過日、曹植「七啓」の表現が、陸機「文賦」に波及している可能性を述べました。
しかしながら、このことは『文選』李善注には指摘されていません。

「磬折」という語をめぐる、
阮籍「詠懐詩十七首」其十四(『文選』巻23)への、
曹植「箜篌引」(同巻27)からの影響についても同じです。*1
李善は、阮籍詩に対して、曹植詩に注記したのと同じ文献を記すのみであって、
曹植から阮籍へ、この語が受け渡されているようには捉えていません。

信頼のおける李善注ではあっても、
人の行ったことですから遺漏もあって当然なのですが、
ただ、改めて検討する必要があると思ったのは、
曹植と陸機との間にほんとうに密接な影響関係があったと言えるか、ということです。

そこで、富永一登氏の所論を再度ひもといてみました。
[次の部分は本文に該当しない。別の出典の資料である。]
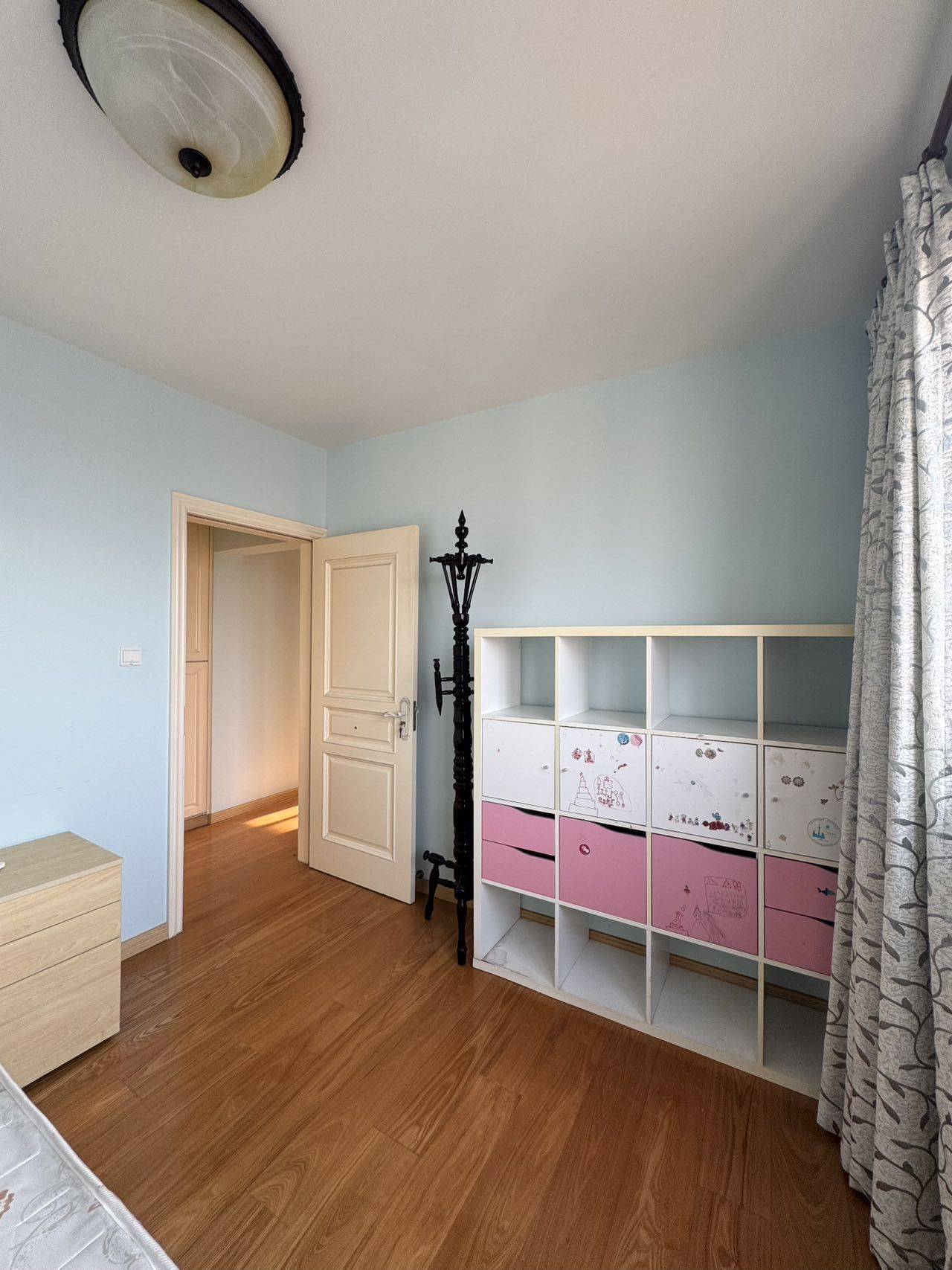 Shanghai Putuo | 五星公寓_4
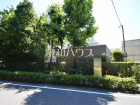 パークシティ成城Fコート物件画像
*2
本論考は、李善注に引かれる曹植の詩文の数を、作者別に挙げています。
それによると、最も近い時代の人として、嵆康に5例あるのがまず目に留まります。
ですが、阮籍作品については、李善は何の注記もしていないようです。
また、先日来、幾度か話題にしてきた張華は3例で、
左思4例、潘岳28例、陸機24例に比べて、特に多いというわけでもありません。
もちろん、『文選』に採られた作品数という母数に違いはありますが。

陸機は、張華を介して、曹植作品の表現に出会ったのではないか、
という先の見通しは、考え直す必要があるかもしれません。

ある作者に対するオマージュとして彼の表現を踏まえることと、
同時代を生きた人々の間で共有される言葉の用例とは、区別がとても難しい。
また、オマージュと一口に言っても、その内容も深さも様々でしょう。
だからこそ、精読吟味する価値があるのだと思います。

2023年12月15日

*1 柳川順子「曹植文学の画期性―阮籍「詠懐詩」への継承に着目して―」(『中国文化』80号、2022年)で論じた。
*2 富永一登『『文選』李善注の活用 文学言語の創作と継承』(研文出版、2017年)第一章第四節「注引曹植詩文から見た文学言語の創作と継承」p.72を参照。